TASK BRIEF: Output the entries exactly. Start at the first line, finish with the line containing "Used 2014 Silver Cadillac Base image 29", and omit the pictures.

#### EXTRACTED DATA ####

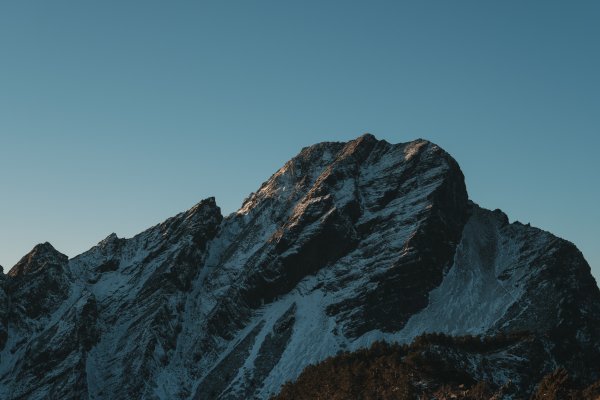 【玉山】主峰北峰二日，臺灣第一高峰雪季最美角度1881278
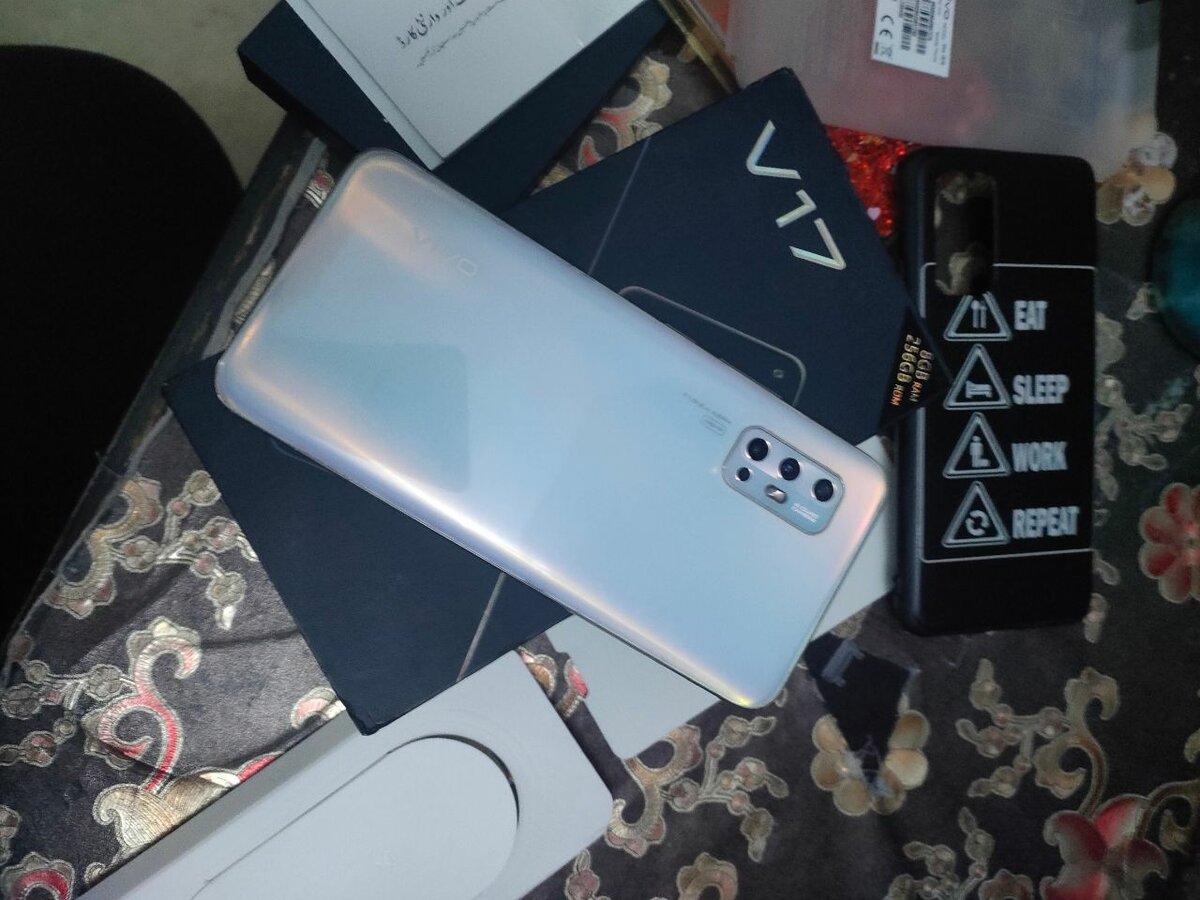 Vivo v17 (8/256)
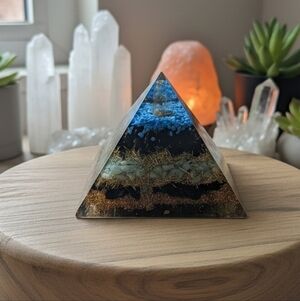 Handmade Orgonite Crystal Healing Pyramid - Blue & Gold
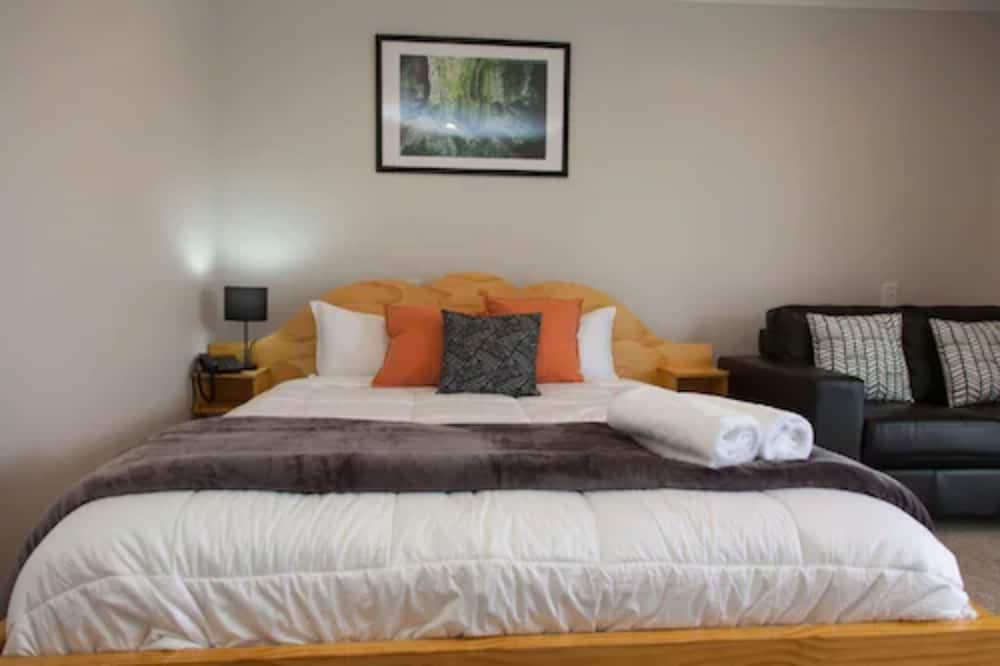 Standard Suite, 1 Bedroom, Non Smoking, Kitchen (unit / twin) photo 3
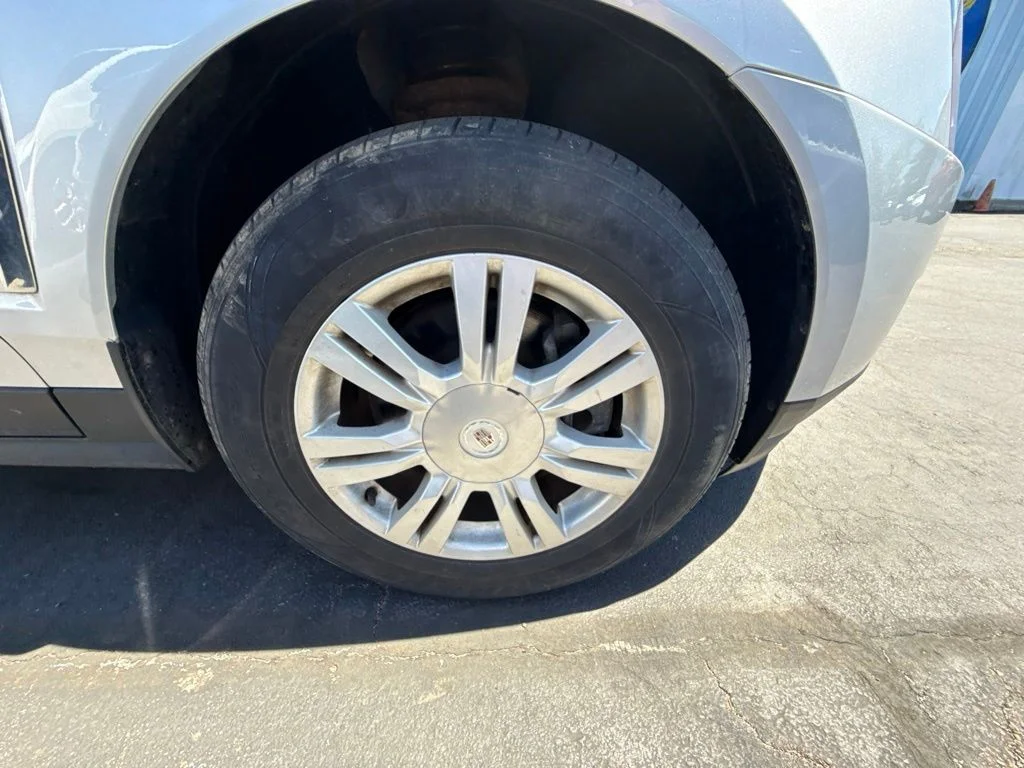 Used 2014 Silver Cadillac Base image 29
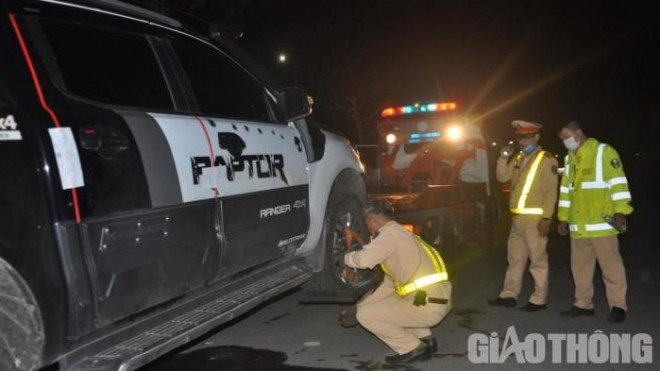 Đà Nẵng: Tài xế có nồng độ cồn ngất ngưởng liên tục "làm trò", chống đối CSGT - 7
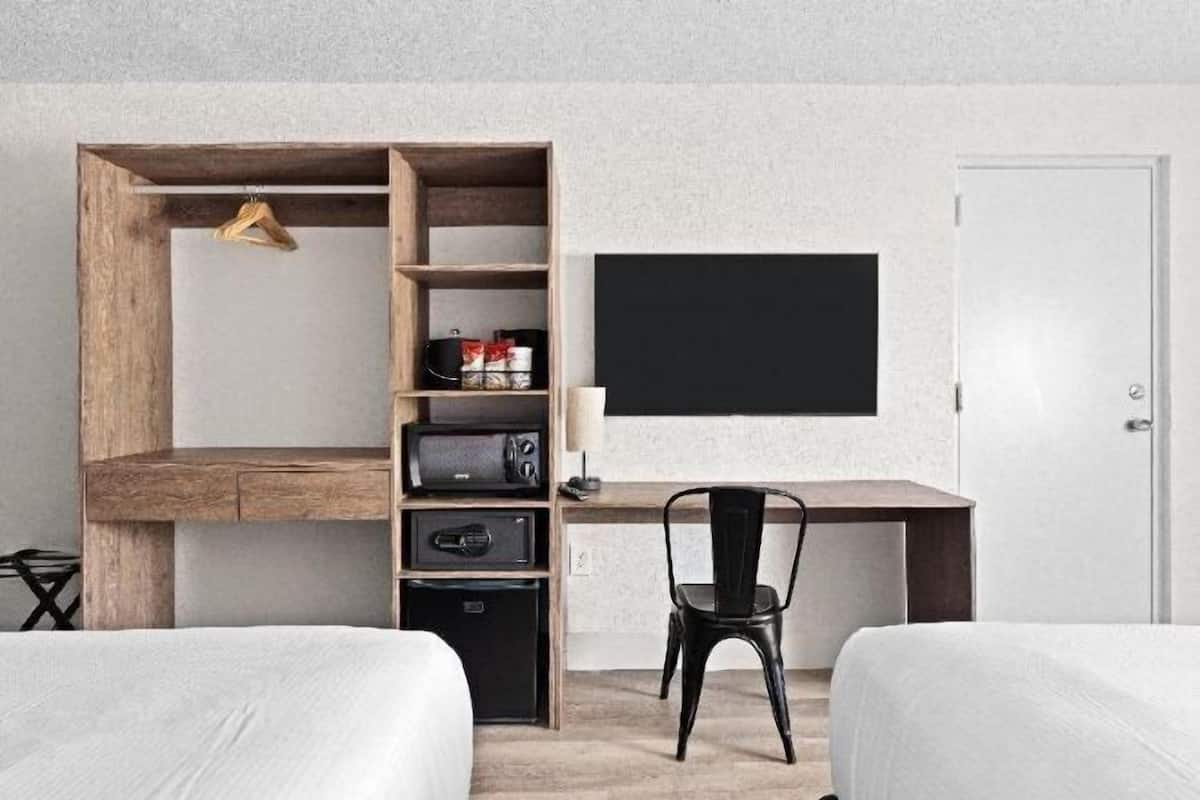 Caja de seguridad en la habitación y escritorio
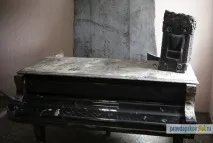 Про що мовчать роялі рублів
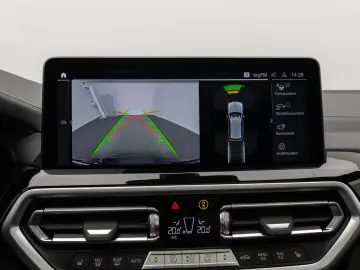 X3 xD30e M Sport Panorama Kamera Laser HUD HiFi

####

YOUR RESPONSE:
 【玉山】主峰北峰二日，臺灣第一高峰雪季最美角度1881278
 Vivo v17 (8/256)
 Handmade Orgonite Crystal Healing Pyramid - Blue & Gold
 Standard Suite, 1 Bedroom, Non Smoking, Kitchen (unit / twin) photo 3
 Used 2014 Silver Cadillac Base image 29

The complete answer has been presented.